ABOUT THIS EXERCISE >>
Retype exactly the span of lines below from the one with "Image d'un système" through the one with "An ancient Mayan". Do not include pictures.

MATERIALS PROVIDED >>
%%

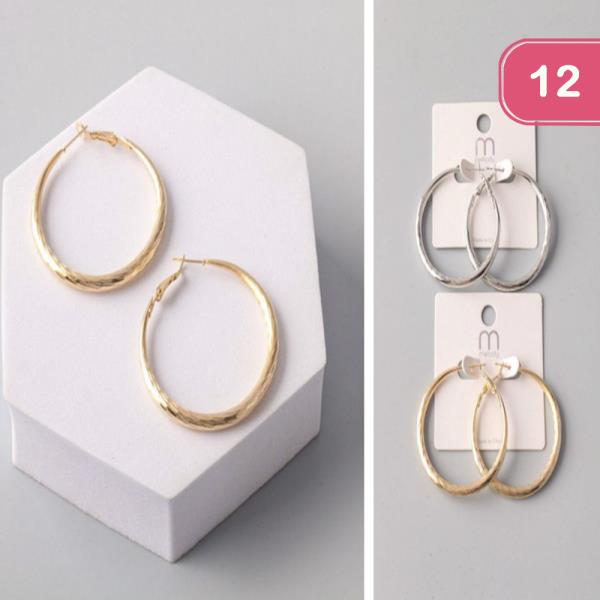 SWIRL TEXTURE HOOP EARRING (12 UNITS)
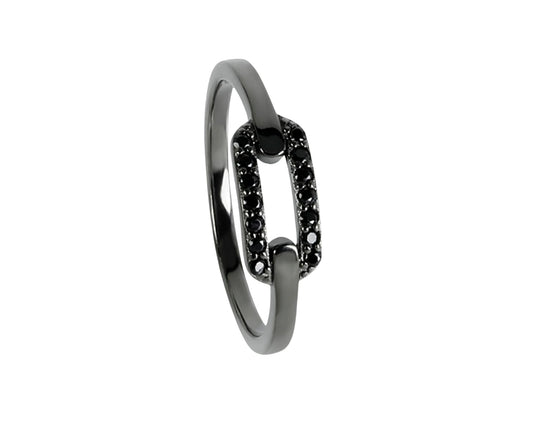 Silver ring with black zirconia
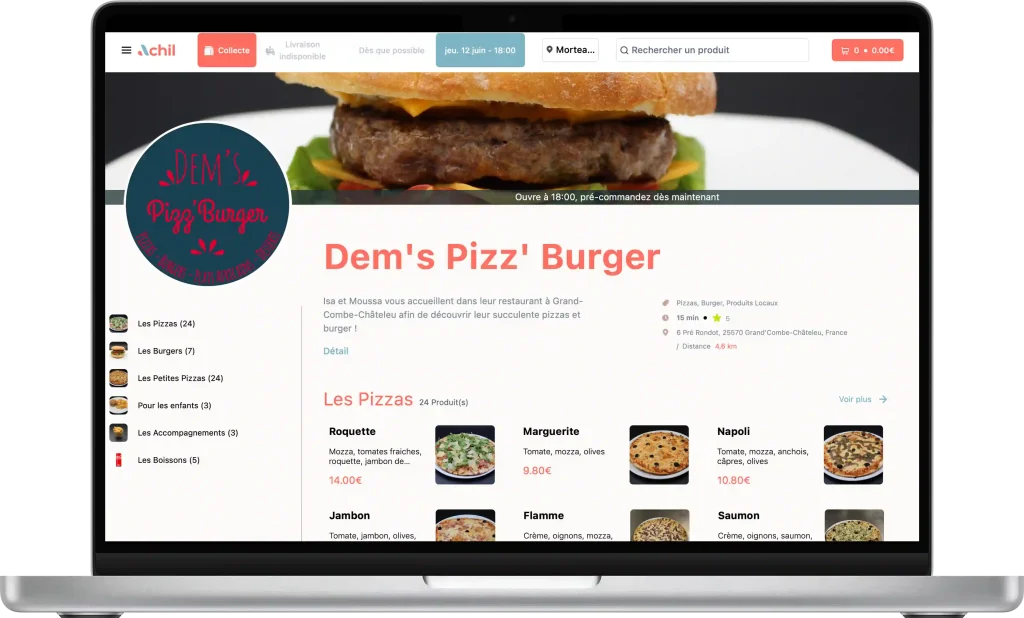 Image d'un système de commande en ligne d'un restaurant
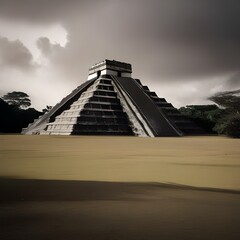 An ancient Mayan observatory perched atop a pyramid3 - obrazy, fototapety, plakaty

%%
%%

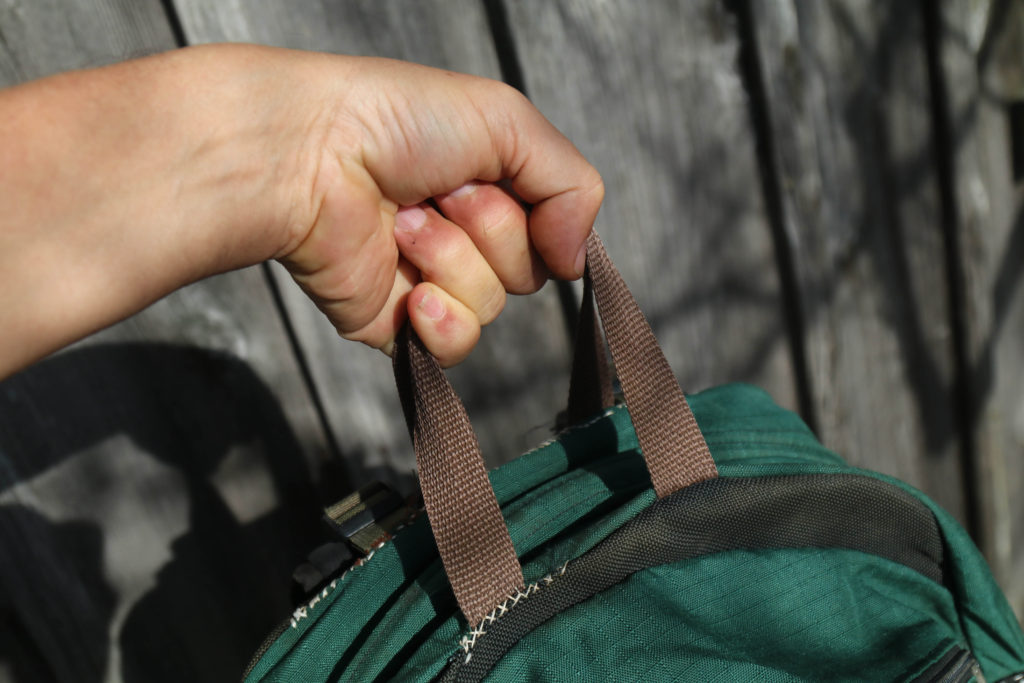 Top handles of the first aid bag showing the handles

%%

RESPONSE AREA >>
 Image d'un système de commande en ligne d'un restaurant
 An ancient Mayan observatory perched atop a pyramid3 - obrazy, fototapety, plakaty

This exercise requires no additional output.